There’s something charming about talking to two developers who don’t know that they made a good game. When they released the trailer for the game, they were surprised it got so much attention. When they released a demo of the game to press, they weren’t confident about the praises being heaped upon them.
It’s been a little overwhelming. We weren’t expecting this sort of response. I’ve been working under a rock for the last year and a half. At this point I’m sick of the game and I was certain it was garbage.
It’s a sentiment shared by a lot of developers we talk with that haven’t reached critical appeal. When the brothers recollect the number of games they’ve worked on together they remember a lot of Flash games that were fun to make, but not commercially viable. But their not strangers to game development: Kenny worked for Capcom Mobile and Teddy was Lead Designer on Guacamelee! However, they consider Rogue Legacy their first big commercial release as Cellar Door Games.
Rogue Legacy is described as a rogue-”lite” and is certainly not as punishing as a lot of rogue-like games. While dying in a lot of games is trying for many players, the legacy mechanic in their game makes each life unique and funny. The child you choose to avenge your death may have tourettes, irritable bowels, or have some form of gigantism creating a lot of interesting flair for your next play through.
We like to take genres and twist them.
The legacy mechanic along with unlocking upgrades to your castle, a massive skill tree, equipment and magic makes the game much more forgiving than other rogue-likes. You’re going to die, your children will have some problems, but you won’t be able to put the controller down.
The brothers recognized the rogue-like mechanics in one of their favorite games, Demon’s Souls. It became an inspiration for their game as they described wanting to make something similar: a 2D Cartoony Demon’s Souls. When they started looking for artists, Glauber Kotaki had the exact style they wanted.

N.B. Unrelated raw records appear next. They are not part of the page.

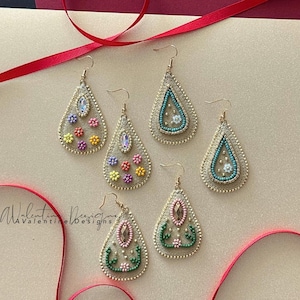 Indigenous Flower Beaded Earrings on Coloured Felt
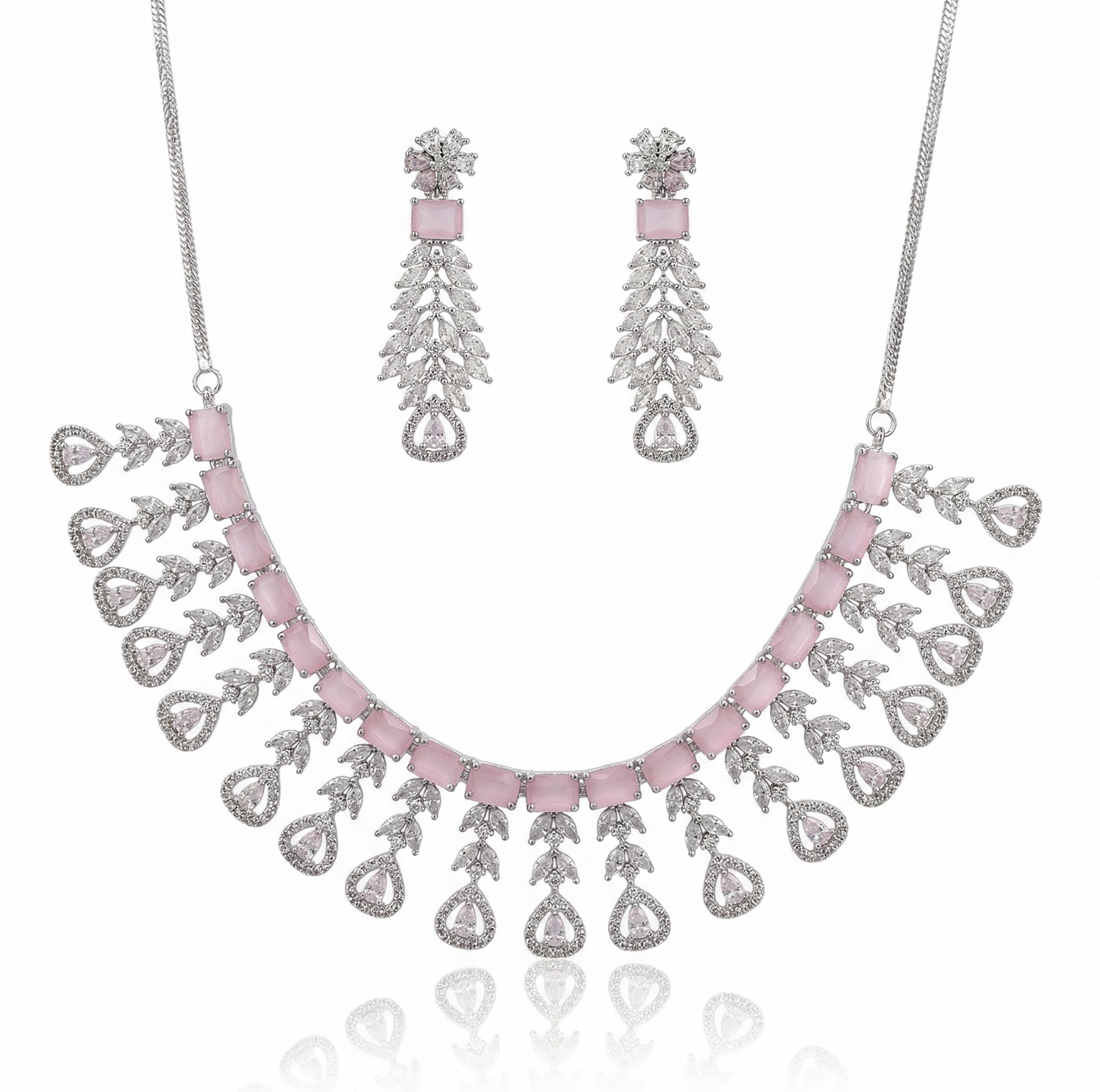 Cascading Blush Pink CZ Statement Necklace with Drop Earrings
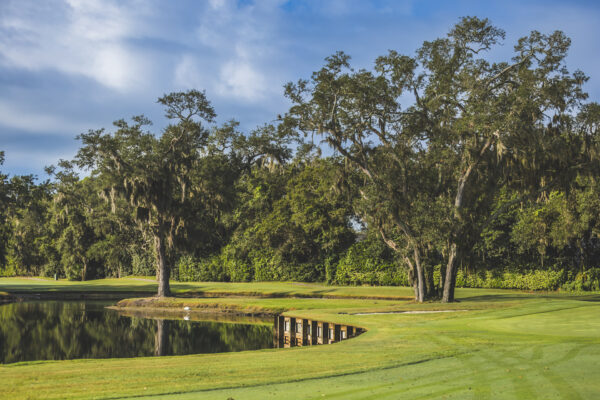 A golf course featuring lush green fairways, large trees draped with Spanish moss, a reflective pond, and a wooden bridge under a partly cloudy sky.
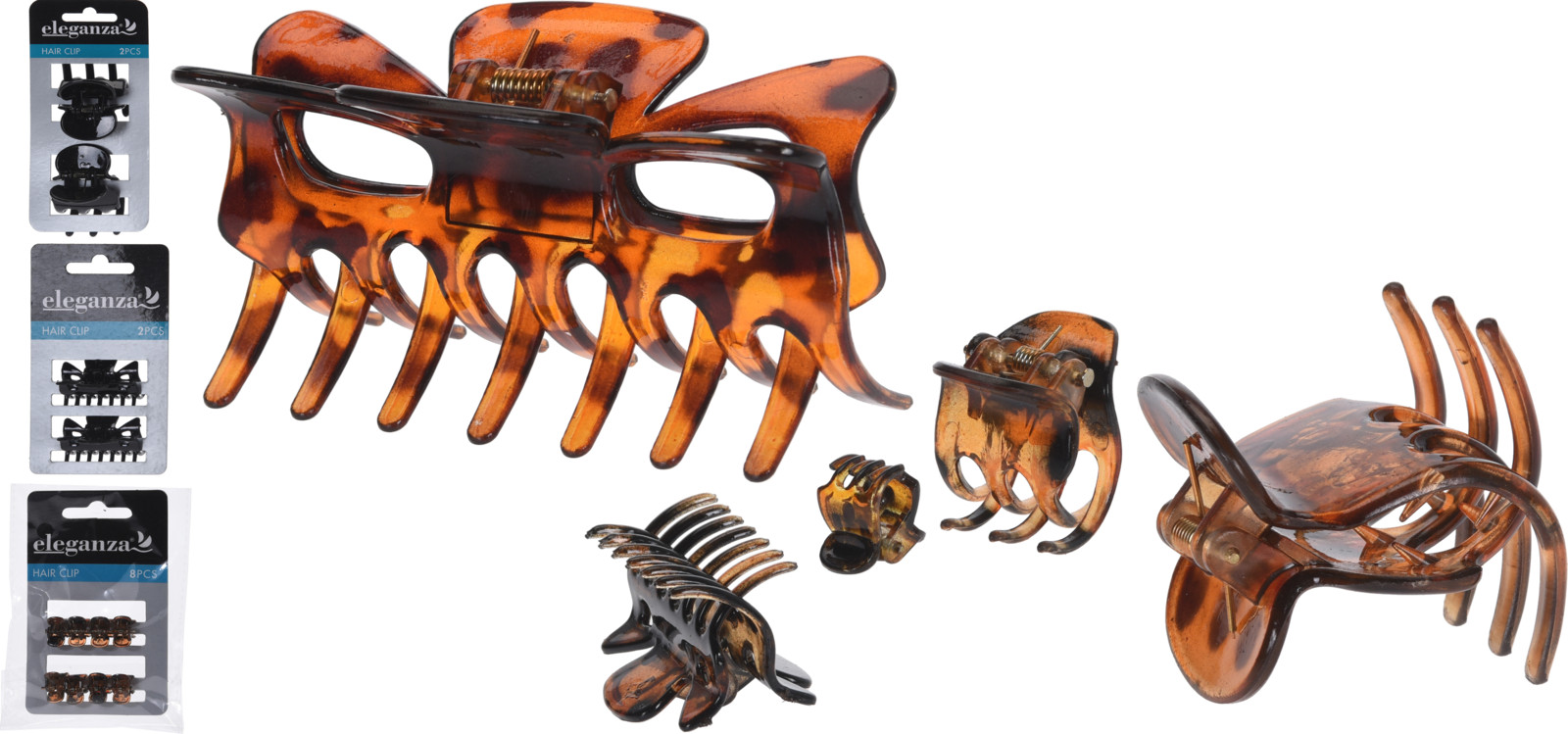 Hárklemmur 5 mism. stærðir 2 litir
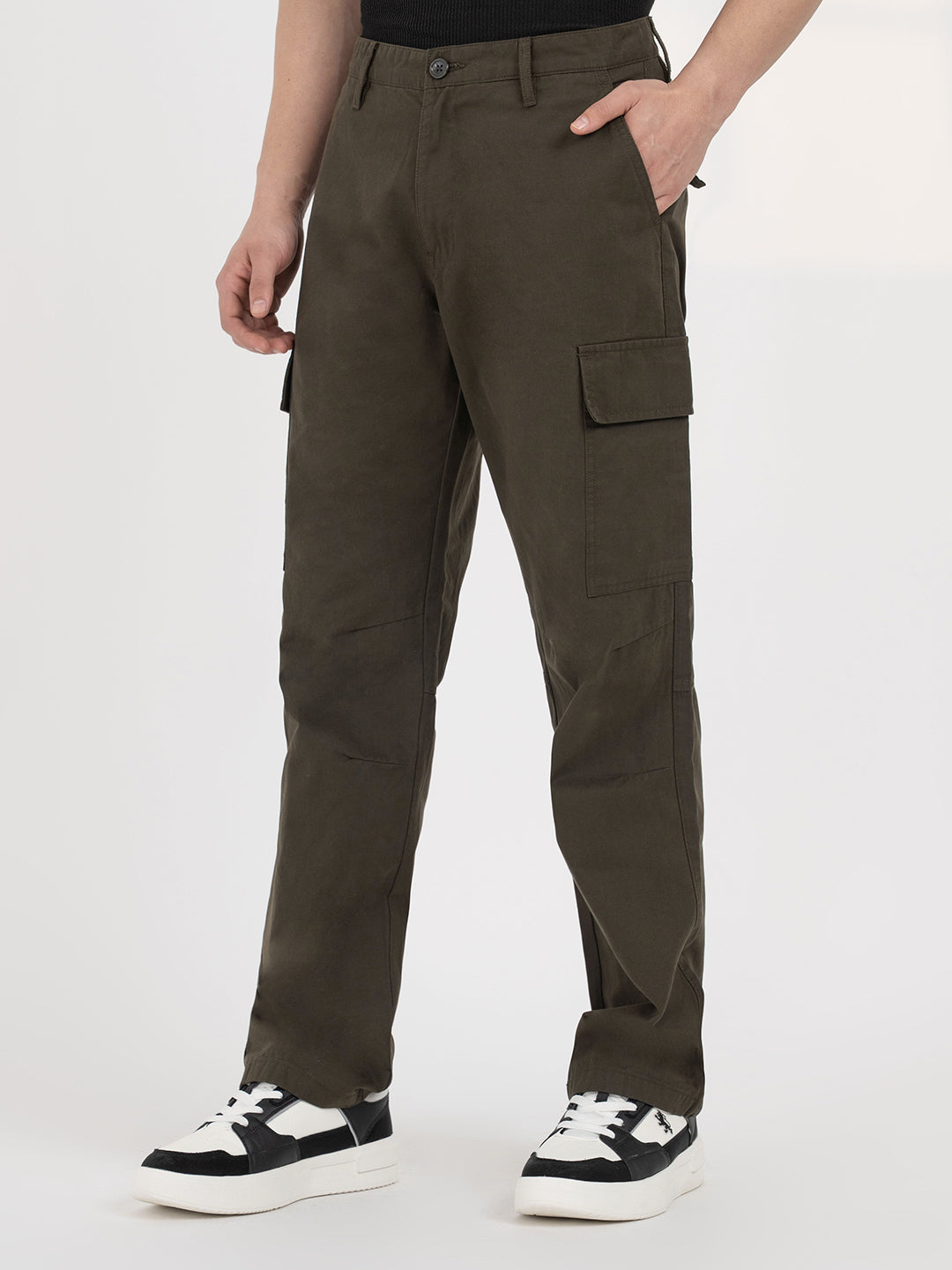 Dark Olive Cargo Trousers for Men | Everyday Casual Wear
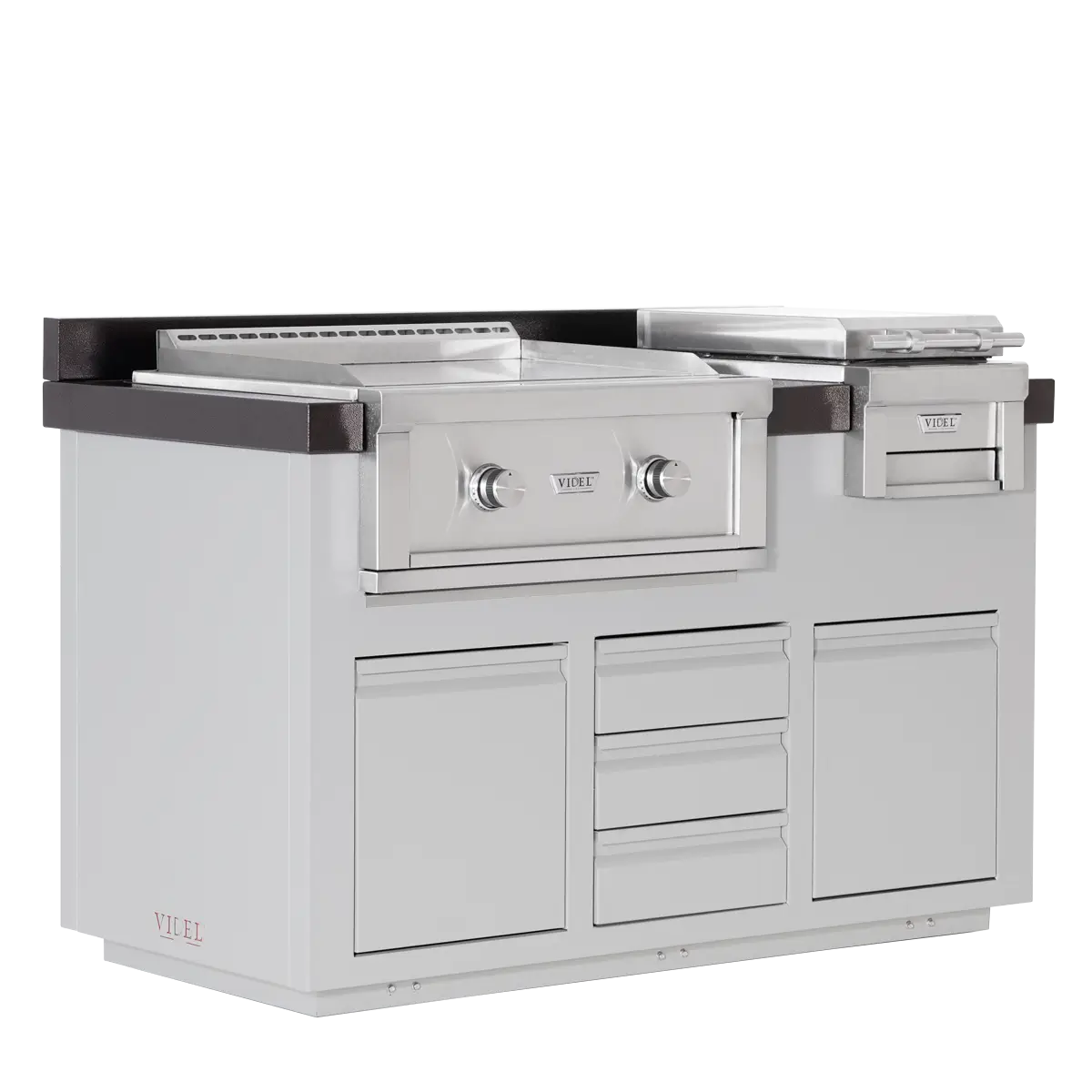 Stainless steel outdoor kitchen island with grill and storage drawers on a white background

The soundtrack from Gordon McGladdery and Judson Cowan (Tettix) is also fantastic. Although, we’ll still play a few sessions with the jazz music they originally were considering.
Kenny and Teddy were a lot of fun to talk with about their history making games together, design docs, memes, Denny’s, and another entry in our unofficial poll on poutine.
This interview was recorded on May 12, 2013. Prior to being Greenlit on Steam or an announced release date.